As air mass density (ρ) decreases and dry potential temperature (θ) increases with altitude, the entropy density (s∼ρln θ) reaches a maximum – using an idealized 1D US standard atmosphere – near the tropical tropopause. Consequently, an even distribution of s across all APs results in the highest grid point density around this region (see Fig. 2). Given that N_d peaks in the lower stratosphere, and following our assumption that α∼N_d, the corresponding APs exhibit large horizontal extensions and reduced vertical separations, consistent with the observed large values of α in this region (Balluch and Haynes, 1997). In contrast, APs in the middle troposphere and upper stratosphere exhibit significantly smaller α values (cf. the ratios of the horizontal to vertical edges of the blue rectangles in Fig. 2). This relationship between N_d and α allows us to mimic the diffusive properties of the atmosphere, which is characterized by a well-mixed troposphere and strongly suppressed vertical mixing in the stratosphere, where static stability N_d is very high (see e.g. Grise et al., 2010). Using idealized 1D profiles of entropy s and Brunt–Väisälä frequency N_d from the US standard atmosphere, the CLaMS grid, defined by r(ζ) and Δz(ζ) (or rather Δζ(ζ)), is generated with r=r₀ at ζ=380 K (tropical tropopause), based on ζ values provided by the US standard atmosphere with σ_r=0.3 (Konopka et al., 2012). By varying r₀, different model resolutions can be chosen, with the standard configuration set by r₀=100 km (see Appendix B).

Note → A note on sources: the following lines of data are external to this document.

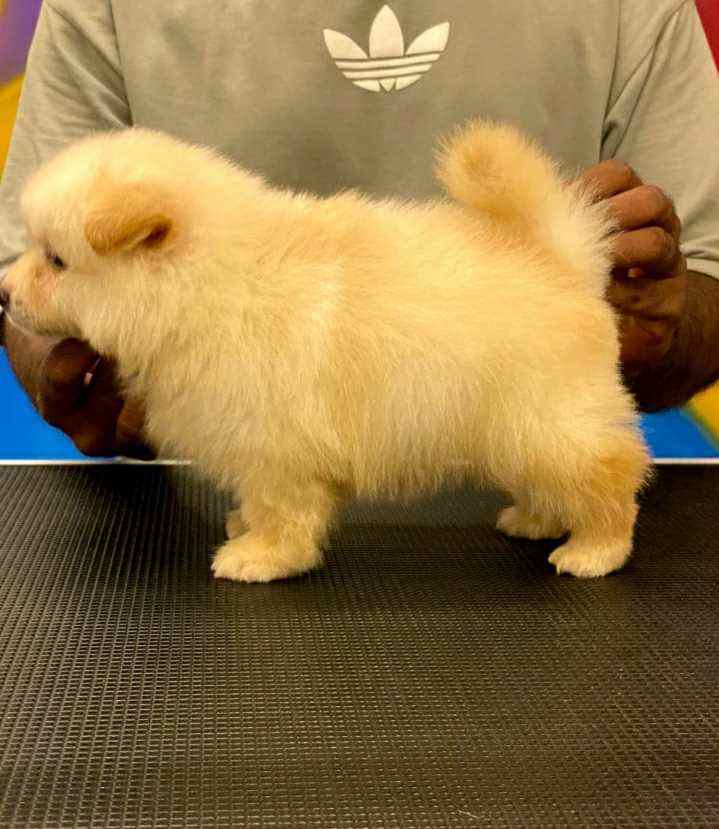Champion Bloodline Culture Pomeranian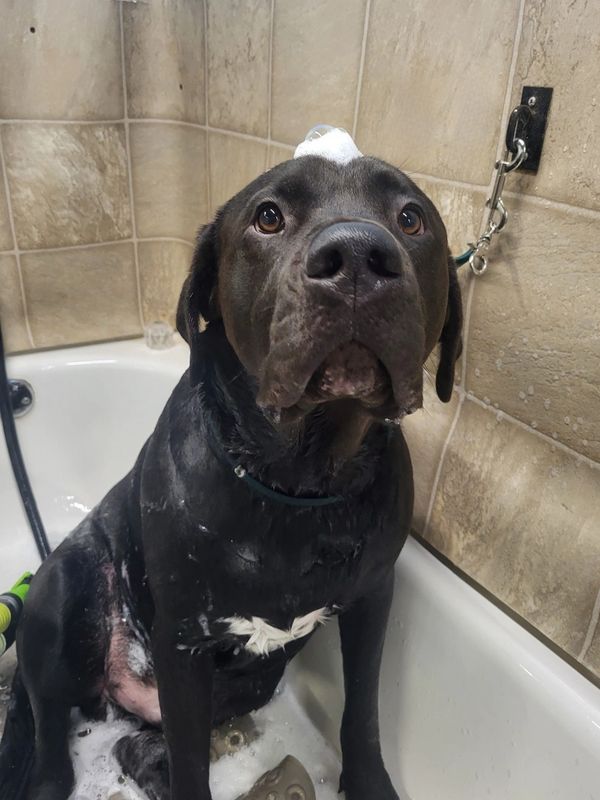 Cane Corso grooming, bathing and care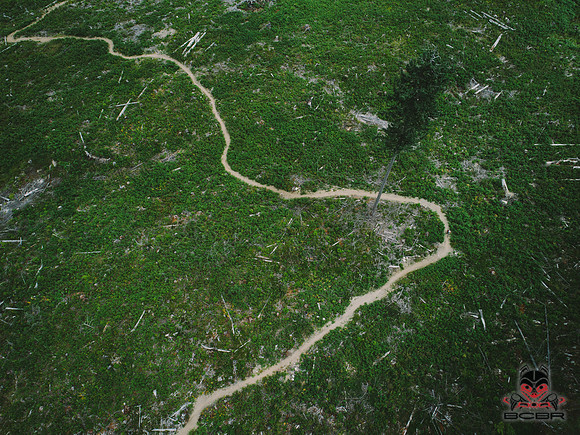 DJI_0040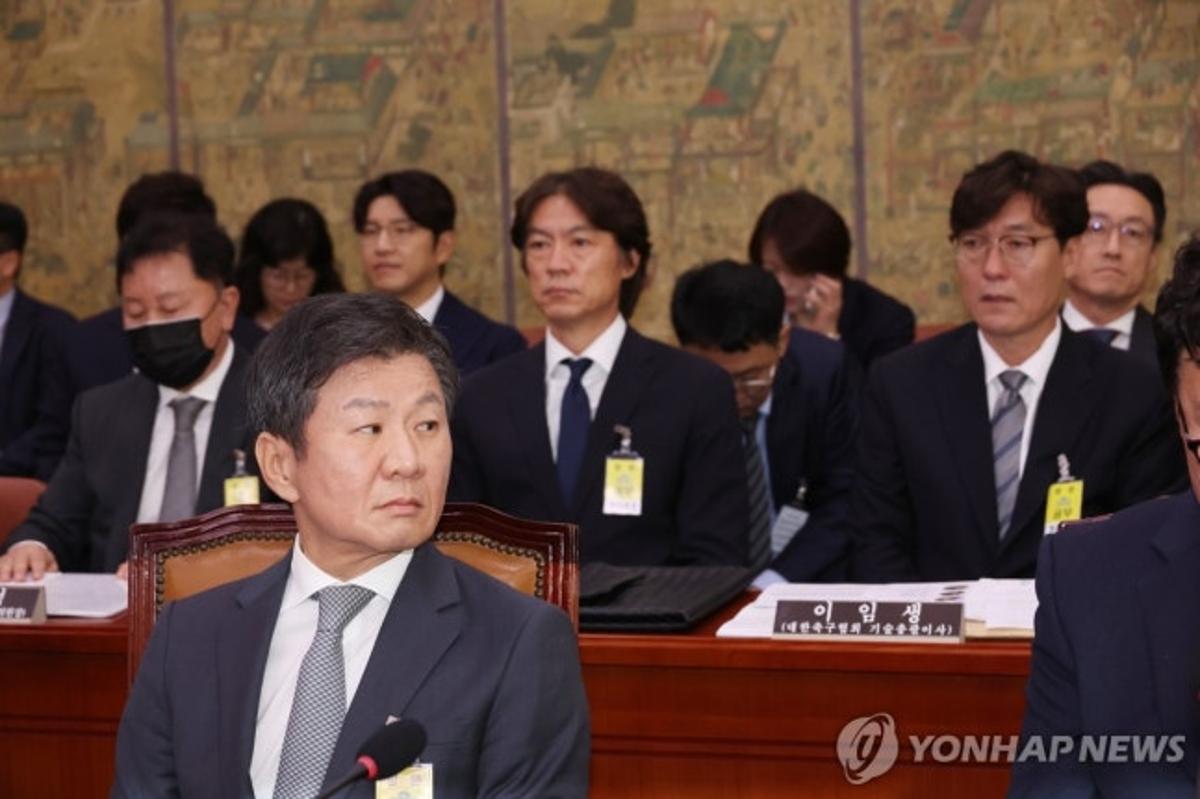 18일 미국에서 경기 뛰는 손흥민도 호출… 국회, 축구협회 청문회 22일 개최 확정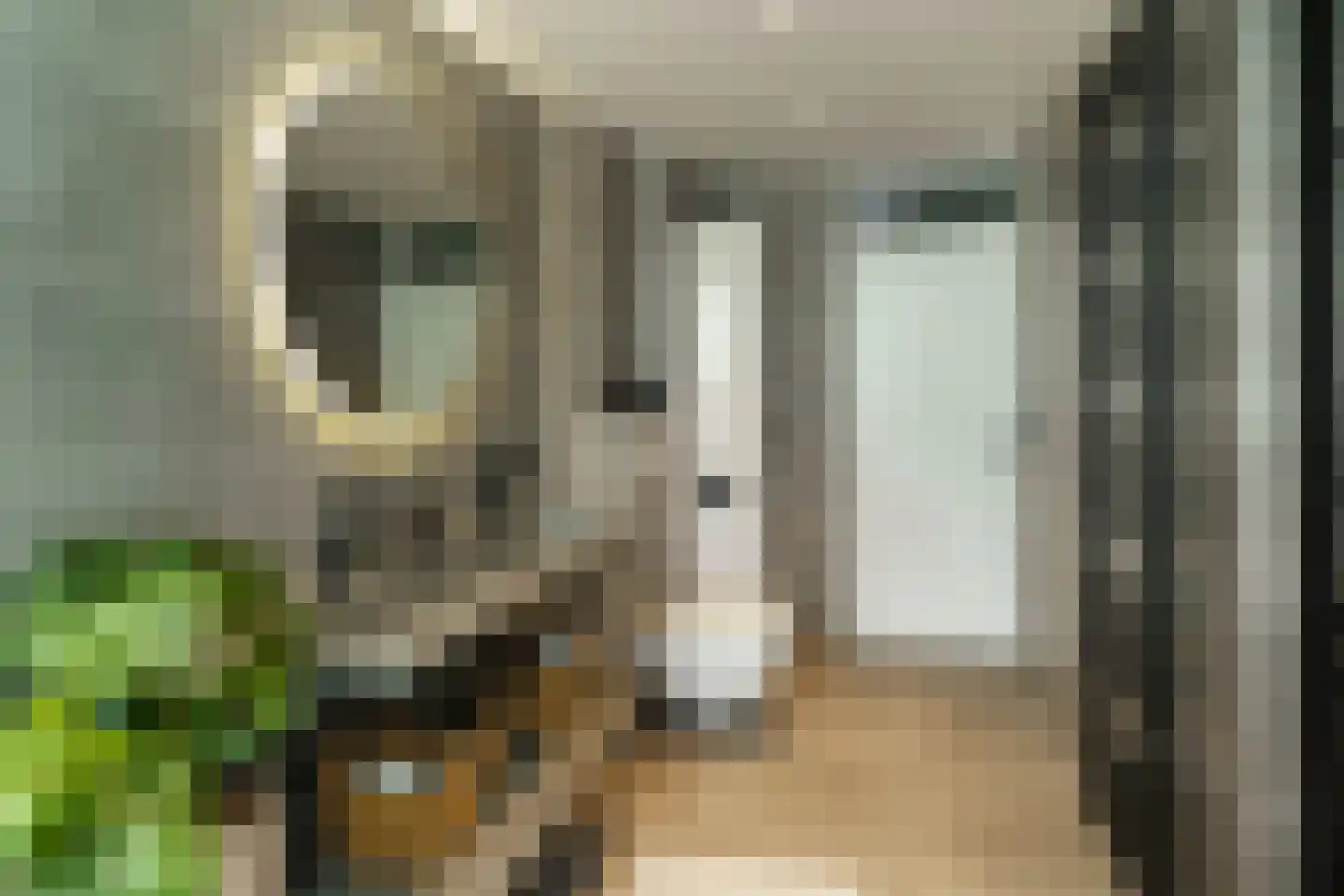Pieter de Hoochstraat 33 Maassluis thumbnail 35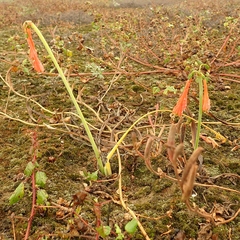 Amaryllidoideae
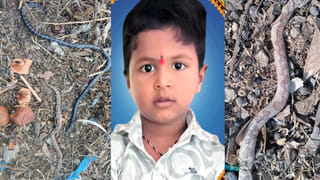 పులులకు కొత్త టెన్షన్.. మనుషులు చేసే పనితో వాటి మనుగడకే ముప్పు.. పరిశోధనలో షాకింగ్ విషయాలు..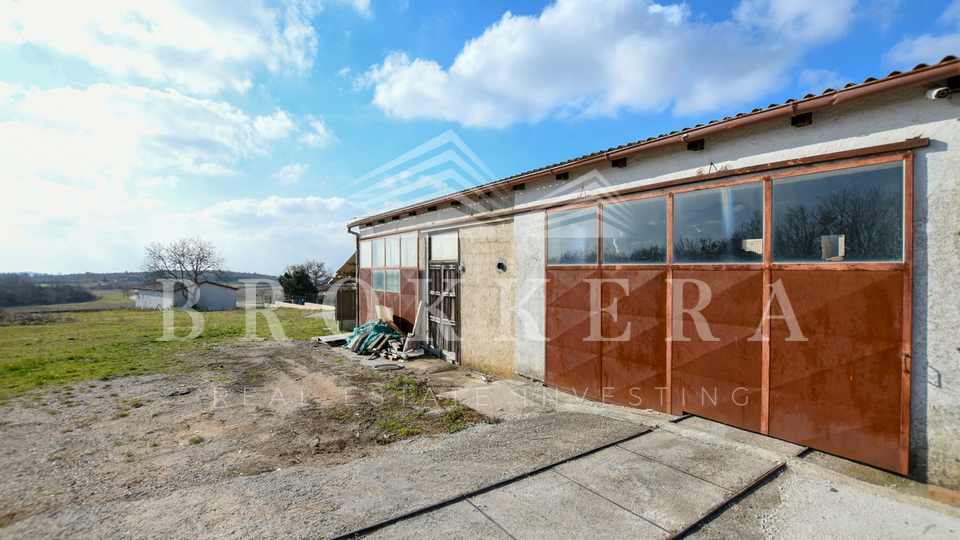 HAUS MIT GESCHÄFTSRAUM, VIŠNJAN, 270 m2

Figure 2 CLaMS grid extending from the Earth's surface to the mesosphere (grey points). The density of air parcels is highest around the tropical tropopause. Four idealized APs are shown: three in the free atmosphere (blue) and one in the Planetary Boundary Layer (PBL, red). While the APs in the free atmosphere are generated following the 1D entropy-static stability concept described in Konopka et al. (2012), the generation of APs in the PBL is decoupled from this procedure to ensure sufficiently high resolution, in both time and space, to resolve small-scale processes such as convective updrafts not represented in the meteorological velocity fields or various sources of tracers.

While this grid design, based on simple thermodynamics, provides a good approximation for the free atmosphere, it becomes less applicable near the Earth's surface, where transport is strongly influenced by boundary effects such as friction and convection. In this region, interactions with the Earth's surface and PBL dynamics introduce additional small-scale sources of tracers and convective updrafts from small areas (∼1 km² and below), which are critical for accurate modeling of atmospheric transport. Examples of such small-scale sources include localized emissions from urban centers, industrial facilities, and biomass burning events, as well as biogenic emissions from vegetation. To account for these boundary effects, additional information must be integrated into the model. In information theory, Shannon entropy is sometimes used to quantify these additional entropy fluxes (Shannon, 1948). In our simplified approach, we decouple the APs in the PBL from those in the free atmosphere and significantly increase the resolution within the PBL by reducing the volume of the respective APs. This enhanced resolution more accurately captures the finer-scale processes characteristic of near-surface atmospheric dynamics.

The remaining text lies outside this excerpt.